Near-Contemporary Leakage
One final aspect of this issue deserves mention – the Leakage of contemporary and recent social and international-relations issues into the pulp world. One of the best examples is “The Red Menace”, but others include Apartheid, and Irish Terrorism. In small doses, these can be acceptable from a story perspective, but in general, it’s a bad idea to colour the genre with such modern accoutrements. Of course, there was an outbreak of paranoia concerning Soviet activities in 1919-20, more properly known as the Red Scare. Even if the GM opts for these fears to have substance in his game world, as some pulps of the era did, he should be careful to distinguish between the post-war attitudes of the USSR and those pre-war. This article on Joseph Stalin and this one on Lenin should be useful. In general, it can be said that post-war, Soviet Paranoia stemmed more from invasion or attempted conquest from the outside than the West of the time believed, seeing all soviet actions (through their own paranoia) as aimed at conquering the world. The Communists may have believed that their system of government would sweep the world, but they were less concerned with accelerating that process for its own sake and more concerned with securing their borders and resources against an invasion such as that experienced in 1941. It is only since the fall of the Soviet Union that the actual Soviet perspective has come to light – explaining why the west was caught by surprise time and time again. Not understanding the Soviet mindset – Putin is the first Russian leader in office since Lenin not have personal memories of that invasion, something that was often overlooked by American leaders. In essence, both sides were suspicious, even paranoid, and each side’s paranoia fueled that of the other.

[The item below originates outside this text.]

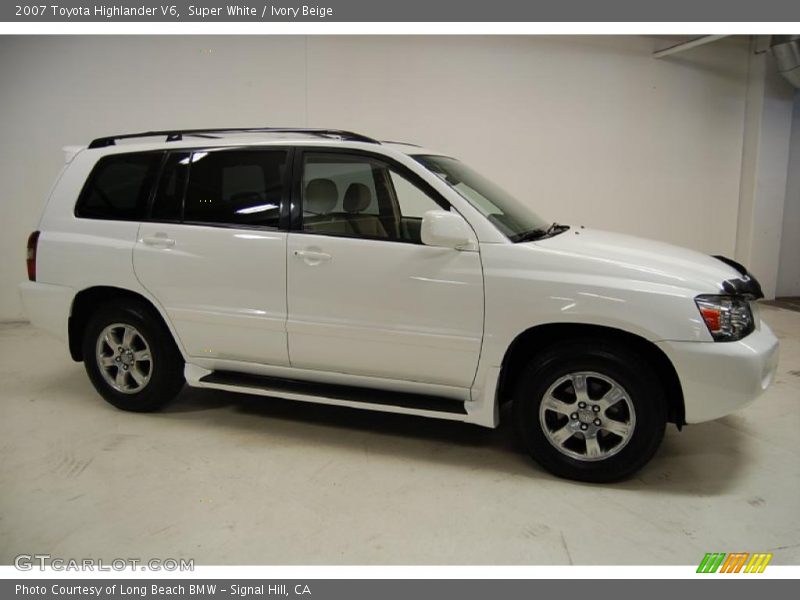 Super White / Ivory Beige 2007 Toyota Highlander V6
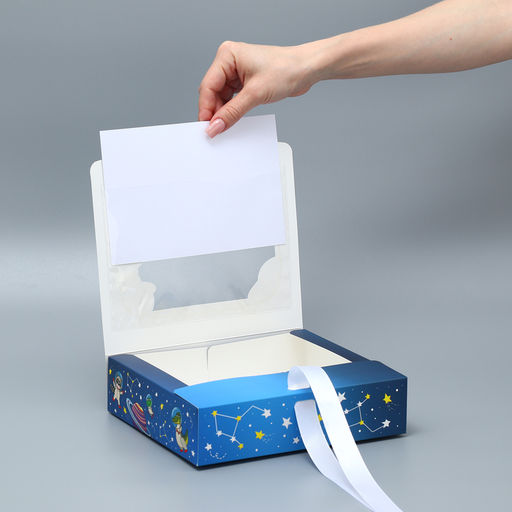 Цена за 5 шт. Коробка подарочная складная с пластиковым окном, упаковка, «Космос», 20×18×5 см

In the pre-war Pulp era, this dominant – even overriding – motivation was not a factor, and since that motivation was central to Soviet attitudes and policy throughout the cold war, it is extremely difficult these days to see past it. The “Red Menace” of the Pulps is about fears of subversion and revolution, focused on the labor relations of the era – greedy industrialists and robber barons against employees. Note that even that last sentence is coloured by modern attitudes!
Weird Science Works
It’s surprisingly hard to track down a definition for “weird science”. Often, what you find equates the term with “pseudoscience” or “fringe science”. For game purposes, I would define “weird science” as a plausible extrapolation from unfounded assumptions, but that’s not as important as defining how it works.
- Scientist formulates theory.
- Scientist constructs a device which utilizes the theory.
- The Device works.
The theory, when examined by any other scientist, might be absolute rubbish. Certainly, when examined from the standpoint of scientific knowledge acquired after the 1930s, it will be utter nonsense. None of that matters.
If you want an inertialess star-drive, build one.
Weird science, in this context, becomes an outgrowth of another of the genre conventions, one which was alluded to in part one of this series: plot trumps simulation. In this case, simulation can be considered “simplified or representational reality” – ie “real” science – and plot knocks it down flat.
Rules Differentiation
This is actually one of the key points of distinction between different rules systems for running Pulp-genre adventures: in a points-based system, such as the Hero System, there is a mechanism for the characters to create weird science gadgets if that is appropriate to their stickh; other systems rule weird science as being available only to the GM for use as a plot device or Macguffin.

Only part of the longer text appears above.